I just took the front page of today's paper, which said in 50-point type "Bush Wins!" and started a fire with it. Small consolation after Tuesday and Wednesday's debacle, but it made me feel better, nonetheless.

This is the first time in my memory that I and everyone I know and love are feeling horrible at the same time. It seems very dangerous. Usually in a population there's a kind of balance — one person's in love, another's heartbroken; somebody's father just died, but somebody else is pregnant. The picture I keep seeing in my mind this week is of all of us on board a sailing ship standing in a crowd at one railing, the boat heeling so far over it could easily flip.

I've found some solace from a friend who said, "Open your aperture wider, to include the whole planet, and this seems less important," and from another who was taking comfort in the historical perspective — that oppression isn't new, and it was never going to be solved by having Kerry for president instead of Bush.

After my initial hit-by-a-train feeling began to wear off, around Wednesday noon, I had to drive by myself to Sacramento. Something weird happened on the drive, while I was listening to Beethoven's Missa Solemnis because I couldn't stand the election rehashing one more second. My mind finally settled down. I began to feel more buoyant, more collected. And I realized it was because this kind of massive defeat is really familiar to me.

Advocating for abused children, which is where I focus my political energy, we are almost always up against odds like this — molesters routinely win custody of their kids in the courts, as the general population ignores the issue or minimizes it or dismisses it. (Witness how the subject disappears off everyone's radar even though the FBI says it happens to one in three girls and one in five boys.) Suddenly the national arena has moved into territory with which I'm very familiar.

We're going to lose the Supreme Court, we'll lose public legitimacy for our views just because there are so few Democrats in power. It's going to seem as though we're powerless. But don't you believe it. It just takes a different kind of strategy to fight this way — since there's no outside support, you have to embody your values more personally.
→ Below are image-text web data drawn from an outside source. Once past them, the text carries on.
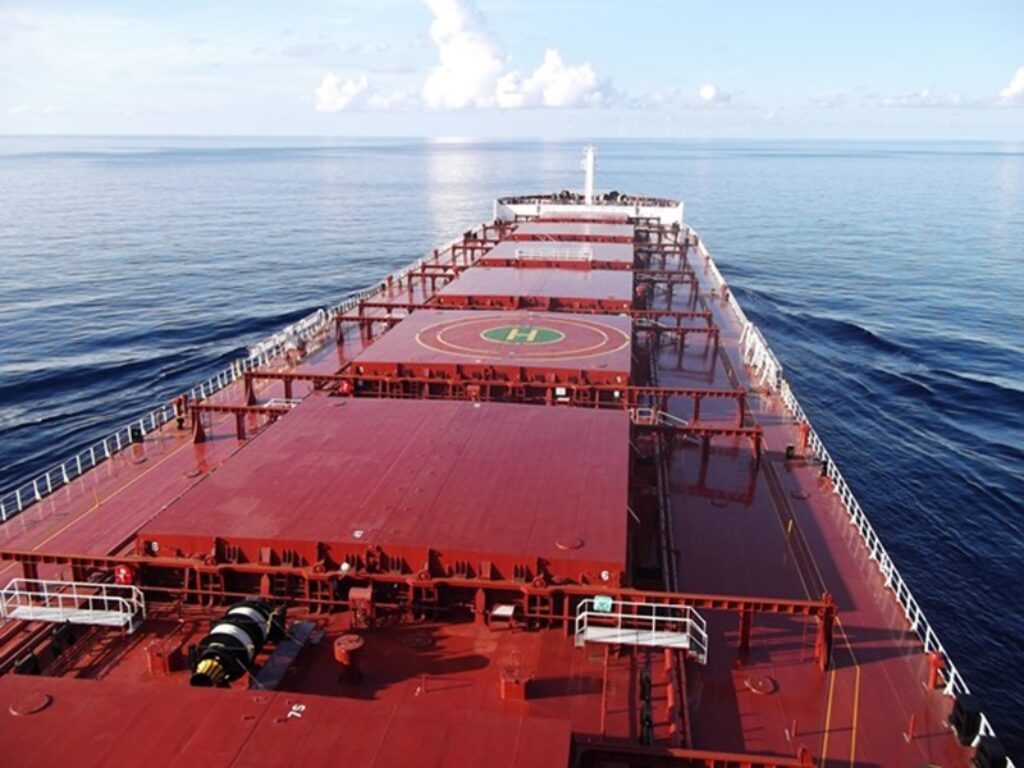 riciclaggio delle navi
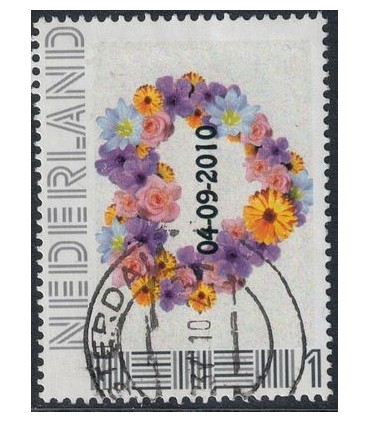 Hartje met datum (o)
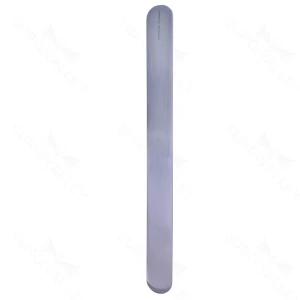 Davis Brain Spatula – mall S/S 7″ 3/4″ wd – surgivalley (S01-89-00-488)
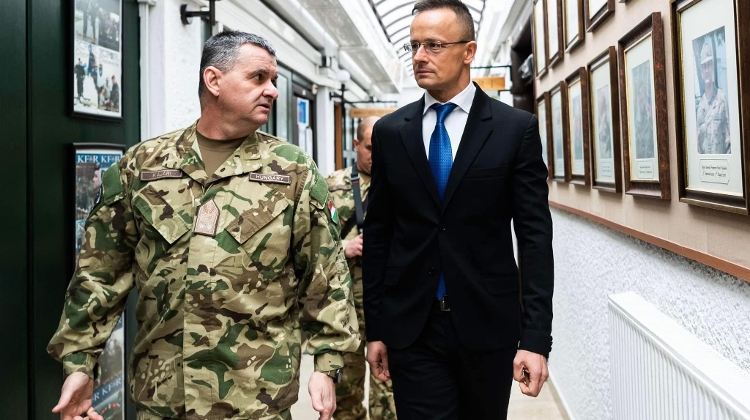 'War in Ukraine Enters New Phase’, Says FM Szijjártó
I can't stop a kid from being attacked by her dad, but I can show up at her school and tell her class it happened to me, too, and just stand there being alive and OK. Read a few poems. She can see that I didn't crack up, or commit suicide. She can feel less alone, and hold onto that feeling until she's old enough to get out.

There's a longer horizon to this kind of resistance, and it's more intense person-to-person work. But it's not impossible. It's actually kind of fun. I'm as sorry as anyone we lost so badly this week, but welcome to the fray.